Комитет вступил, наконец, гласно в свои негласные права. Он отнесся к министру с требованием объявить кому следует, чтобы цензоры и литераторы являлись к нему по его призыву для объяснений и вразумлений. Муханову дано, между прочим, право задерживать до его разрешения выдачу билета на выпуск книги или журнала из типографии. Да это хуже бутурлинского негласного комитета! Даже император Николай Павлович не посягал на это. Вот они забрались в какое болото! Что же я с ними буду говорить, когда они меня позовут? Тут невозможно никакое разумное внушение.
Какая жалость, что дела так идут. Они разрушают возможность сближения того, кто мыслит в России, с правительством, и как мы ни привыкли к дурному управлению, как ни мало у нас средств противодействия ему, но тут неизбежно зло, и зло великое.
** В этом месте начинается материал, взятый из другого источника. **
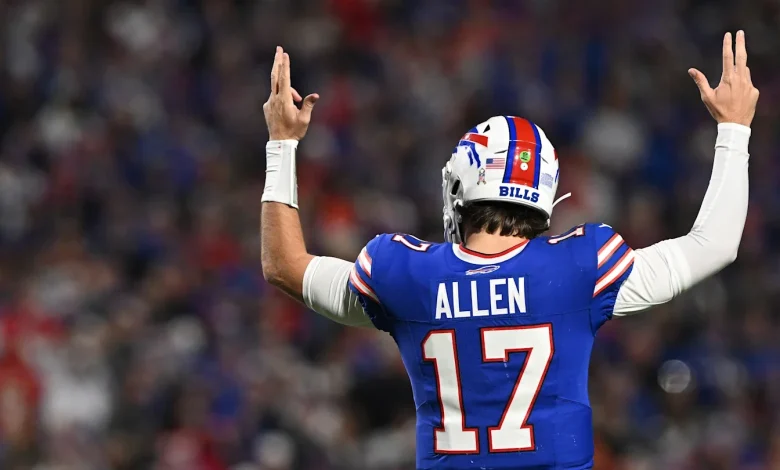 Josh Allen puts NFL on notice with MVP performance in win vs. Chiefs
С одной стороны, быстрое последовательное погружение в хаос всяческих административных беспорядков и неурядицы, с другой — разлив мнений, уж совершенно противоположных всякому ретроградному движению, — мнений опасных, когда они сделаются нормальным состоянием умов, опасных всегда, даже и у нас. А наверху плачевная неспособность дать какое-нибудь стройное и разумное направление вещам, — ведь это дурно, из рук вон дурно!
Правительство испугано движением, какое у нас с некоторого времени образовалось. Оно не хочет сидеть сложа руки, а действовать оно привыкло одним способом — способом удержания, гнета, устрашения. Оно не понимает, что действовать значит управлять, направлять; да и понять ему трудно это, потому что оно не допускает к себе никаких способностей и окружено непроницаемой стеной из слабых голов и сердец. Обстоятельства становятся еще плачевнее, когда мы вспомним, как воспитывается и кем окружен наследник.
8 февраля 1859 года, воскресенье
Студентский обед. Собралось человек шестьдесят в доме одного из бывших студентов, Тимофеева. Все происходило шумно, весело, но пристойно. Сахаров произнес речь. После был провозглашен тост в честь университета, потом тост за меня. Я в ответ предложил тост в честь Тургенева и притом сказал: «Господа! Судьба раскидала нас по разным поприщам деятельности, но каждый из нас, где бы он ни был и каким бы путем ни шел, носит в сердце своем глубокую любовь к русской мысли и к русскому слову, следовательно, и к литературе. Выпьем же в честь одного из лучших строителей этой литературы — в честь Ивана Сергеевича Тургенева, который в своих произведениях так верен художественной красоте и национальному духу, что не знаешь, что он больше любит — искусство или Россию. По-моему, он любит их равно». Потом в течение обеда еще раз пили за мое здоровье и даже за здоровье моей жены. Потом пели и разъехались в десять часов.